- **INSTRUCTIONS FOR THE TASK**: Send back the records exactly as written, with no images.

Stored items
—————
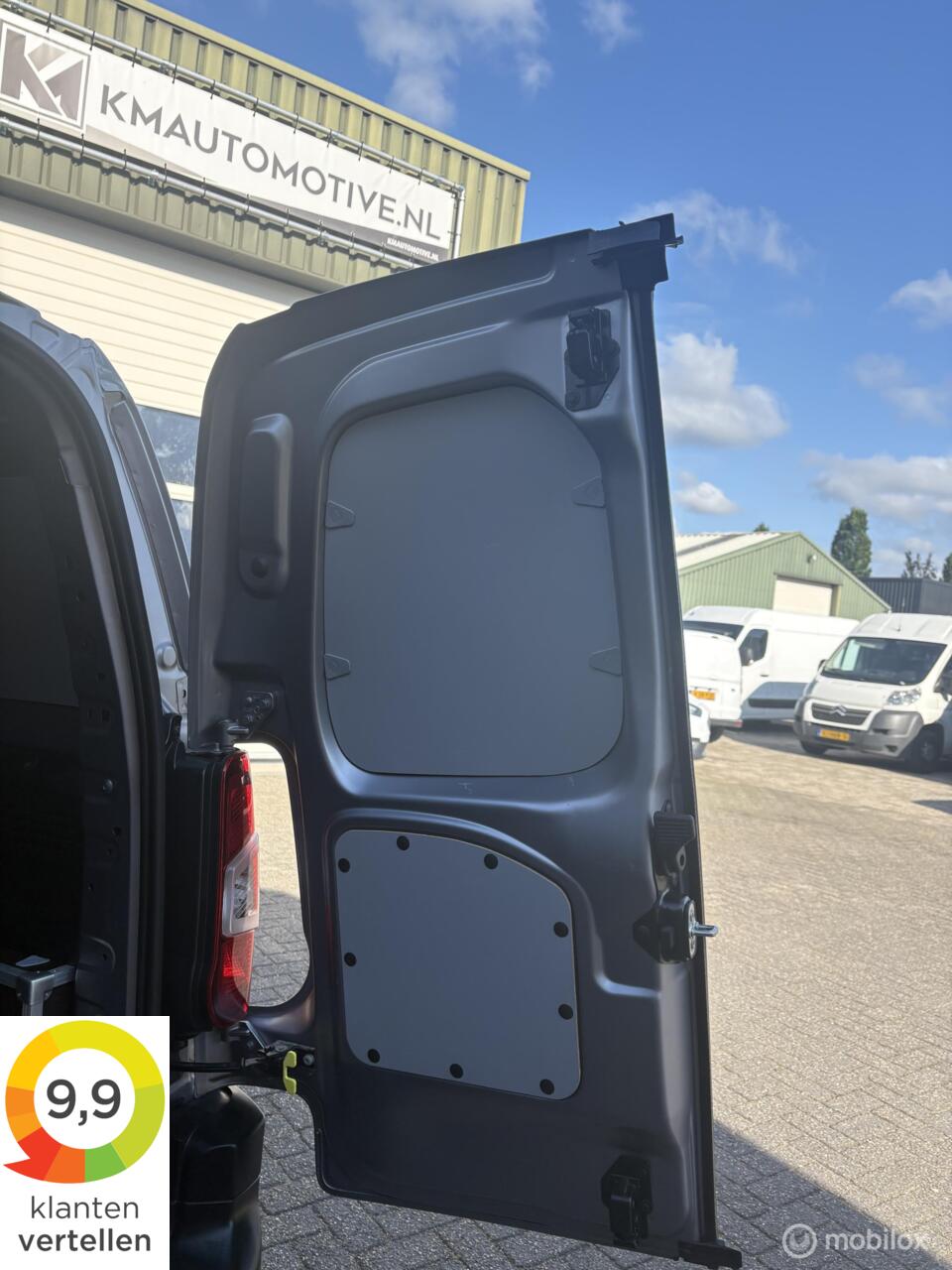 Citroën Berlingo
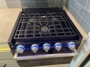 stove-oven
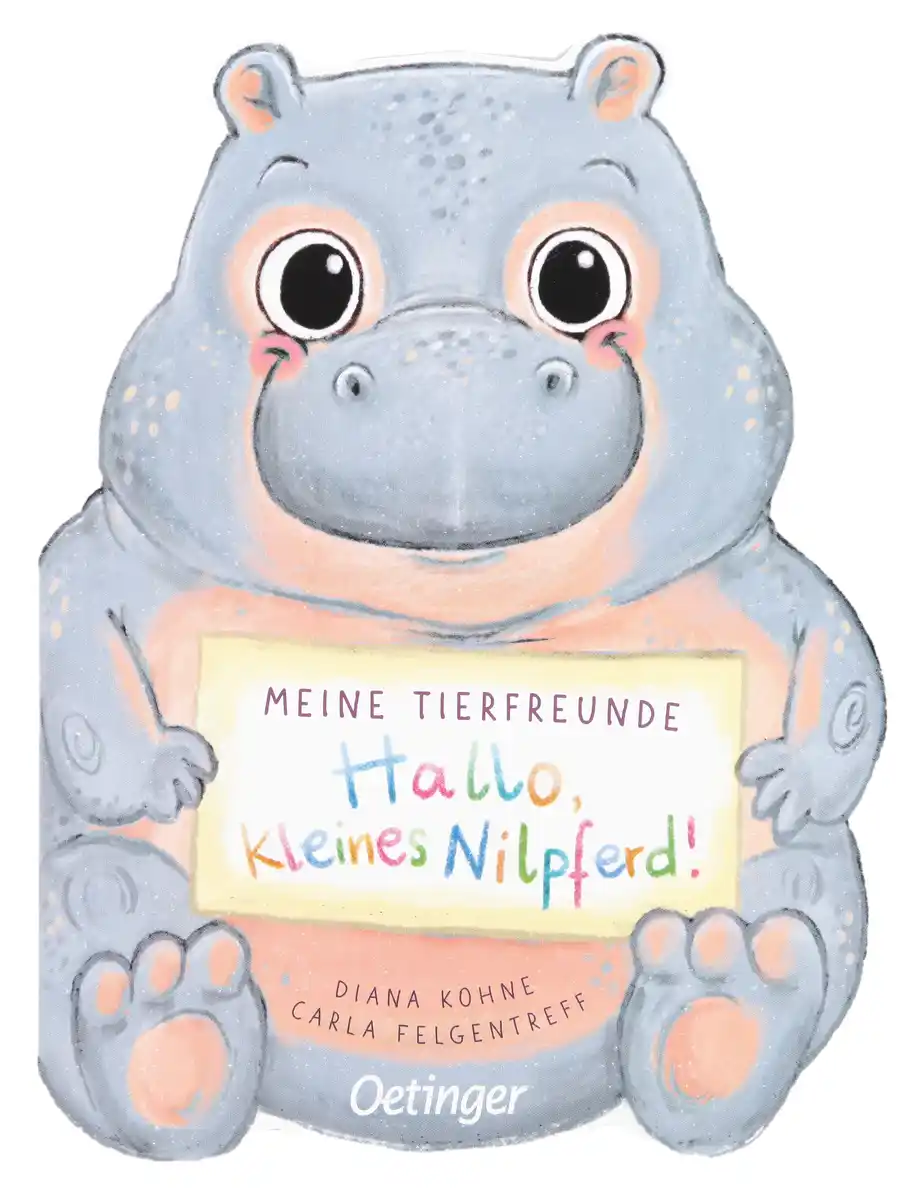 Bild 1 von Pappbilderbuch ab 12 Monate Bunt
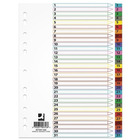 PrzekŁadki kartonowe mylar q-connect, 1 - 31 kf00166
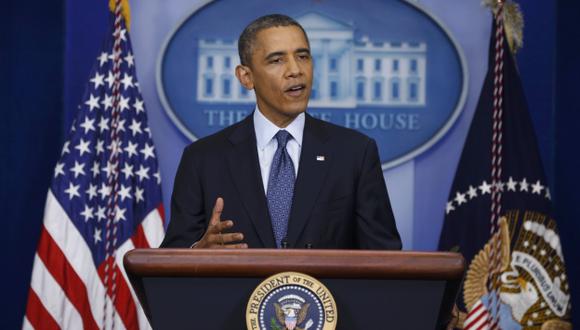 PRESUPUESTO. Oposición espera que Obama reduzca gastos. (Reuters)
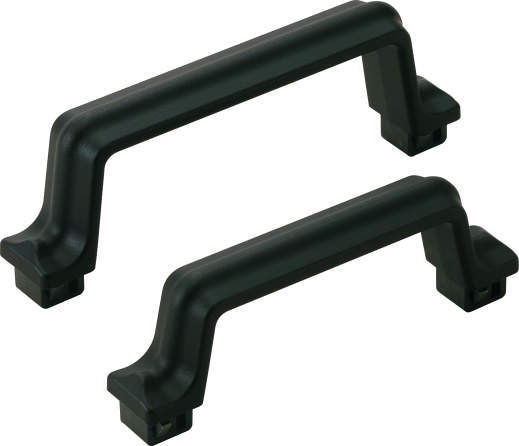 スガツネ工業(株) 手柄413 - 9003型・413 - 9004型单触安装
—————
- **SOLUTION TO THIS EXERCISE**:
 Citroën Berlingo
 stove-oven
 Bild 1 von Pappbilderbuch ab 12 Monate Bunt
 PrzekŁadki kartonowe mylar q-connect, 1 - 31 kf00166
 PRESUPUESTO. Oposición espera que Obama reduzca gastos. (Reuters)
 スガツネ工業(株) 手柄413 - 9003型・413 - 9004型单触安装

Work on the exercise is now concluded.